Submitted by Kim who blogs (intermittently) at Kim, Colin and Caleb in Kenya

When Expat Aid Workers are not donning traditional dress – dashikis, saris, hijabs and the like – they can most often be found in a range of blandly colored, high-tech outdoorswear.  From their rugged Keen Newport sandals to their sensible convertible adventure pants to their waterproof safari hats, these EAWs look just as at ease addressing Gender-Based Violence in Afghanistan as they do hiking the Appalachian trail.  REI has developed a line of “travel wear” with the EAW squarely in mind.

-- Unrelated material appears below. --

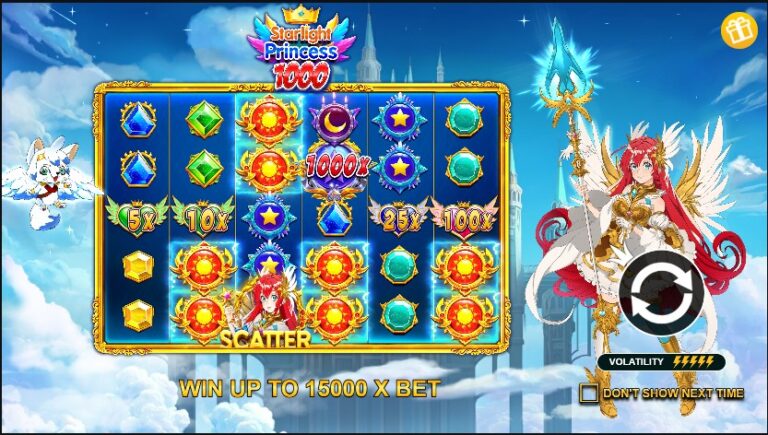 Bagaimana Slot Online Menyatu dengan Gaya Hidup Modern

photo courtesy of http://www.visitidaho.org

This attire serves multiple purposes.

First, it reminds the EAW that she is in fact living in a part of the world that requires sturdy performance shoes and copious amounts of emergency pockets.  It reinforces her sense of adventure and daring.

Second, despite the fact that most EAW spend their days behind a desk at an office, this attire reminds them, and any onlooker, that they could, at a moments notice, be called to the dusty, treacherous and action-packed “field.”

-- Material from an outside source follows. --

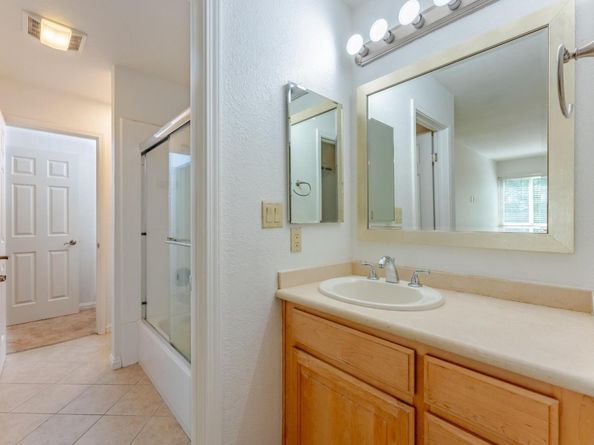 141 Monte Verano Court, San Jose CA 95116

Third, and stay with me here, the washed-out almost non-color of their garments serve as a visual symbolic reminder of the value they place in humbly “blending in,” of turning the spotlight away from themselves and shining it on the real heroes: the locals, whose wisdom (again, at least symbolically) is incorporated into all their planning.

photo: americancrocodilesanctuary.org

Last, and most prosaically, these breathable, water-resistant and quick drying garments offer a refuge of comfort when the EAW realizes the intense discomfort of sweating through a hijab in desert heat and comes to terms with their inability to gracefully navigate muddy paths in lengthy salwar kameez.

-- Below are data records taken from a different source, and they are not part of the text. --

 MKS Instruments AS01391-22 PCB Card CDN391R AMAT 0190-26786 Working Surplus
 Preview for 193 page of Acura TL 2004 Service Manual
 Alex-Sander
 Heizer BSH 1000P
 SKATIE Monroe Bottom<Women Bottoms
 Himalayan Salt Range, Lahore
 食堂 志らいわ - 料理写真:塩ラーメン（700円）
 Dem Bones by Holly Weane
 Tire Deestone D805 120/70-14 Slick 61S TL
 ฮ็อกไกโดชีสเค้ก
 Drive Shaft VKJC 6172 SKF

Despite the fact that their local co-workers show up to the office in sport jackets and polished dress shoes, these EAW are confident that a button down shirt raises their wash-and-wear khakis and sports sandals to the business formal category.  The deference shown by the local staff proves these instincts correct.

7 Comments leave one →
  1. Boomer permalink
    May 13, 2011 7:39 am

    Amazing…just found this site yesterday and I love it!

  2. May 13, 2011 9:46 am

    …and that reminds me of that dear colleague who gave his almost complete collection of synthetic outdoor trousers and shirts to his Darfuri cleaning lady, to discover at the end of the day that she had tried hard to iron them all… He was down to one trouser and one shirt!

    What’s the slogan again..? “Pack less, carry less, do more”! ;-)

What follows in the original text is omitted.